Connecting this economically determinist chain of reasoning together, the content of real world religions suddenly becomes far less random.  Rather than being arbitrary, a religion as practiced by a particular group of people at a particular time starts to look like something largely determined by the technologies and ecological circumstances that are formative for its adherents, which in turn drive their mode of food production in their formative period, which in turn drives the values and collective organizational forms that work best, which in turn drives much of the substantive content of the religion of those adherents as they practice it.  When a society has more than one mode of food production operating as parallel subcultures of the society at the same time, each subculture or caste of each society that practice a particular mode of food production may have its own way of practicing its religion, even if some or all of them on the surface claim to be practicing the same religion, or at least, the "true" version of the same religion.  Complex societies with multiple subcultures and centeralized government may need either a doctrine that calls for the toleration of multiple religious views as the First Amendment to the United States Constitution does, or a religion succeptible to have subcultures within it that publicly claim to be the same creed, in order to function.

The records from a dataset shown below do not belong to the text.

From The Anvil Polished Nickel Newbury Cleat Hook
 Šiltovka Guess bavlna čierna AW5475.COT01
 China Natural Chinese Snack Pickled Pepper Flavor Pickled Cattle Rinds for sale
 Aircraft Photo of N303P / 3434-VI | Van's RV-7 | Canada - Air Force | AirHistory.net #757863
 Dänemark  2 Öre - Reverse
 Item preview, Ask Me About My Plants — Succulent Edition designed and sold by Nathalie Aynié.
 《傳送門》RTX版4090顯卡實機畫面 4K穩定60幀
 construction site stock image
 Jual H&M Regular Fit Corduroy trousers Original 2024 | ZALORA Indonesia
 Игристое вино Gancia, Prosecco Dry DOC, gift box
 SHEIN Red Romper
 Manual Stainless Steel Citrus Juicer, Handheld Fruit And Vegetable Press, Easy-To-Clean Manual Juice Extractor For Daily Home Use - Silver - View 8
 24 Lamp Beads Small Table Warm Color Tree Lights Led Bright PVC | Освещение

When a society undergoes a transformation in its food production mode, sooner or later, its religion as practiced will catch up, although there may be some lag time from a most recent formative period to the present particular when a society or subculture is evolving to a new food production mode rapidly.  It may take a number of generations, for example, for a religion which was a herder religion in its most recent formative period to adapt to the economic realities of the present through intepretive, organizational and ritual adjustments.  For example, many religions practiced in the United States are in the process of adapting to new conceptions about gender and sexual orientation which are driven by a shift towards a postindustrial mode of economic organization which are driven by  new technological developments within the options made available by our evolving ecological constraints like those associated with the tail end of a century old petroleum based economy.

While not entirely inevitable, and while the specific formalisms and symbols that a religion expresses itself may be driven by historical baggage and may be path dependent, the substantive aspects of a religion that influence how people act in real life a strongly biased by economic realities that are in turn strongly biased by technological realities.  People who have values and inclinations about how to organize people in the society that work for its current stage of development and mode of food production will prospect and religions that reflect these views will prosper with them or be intepreted to become congruent with them, while people who have values and inclinations about how to organize people that are a poor fit for the current mode of food production will not prosper and religions that reflect their values will stagnate or die.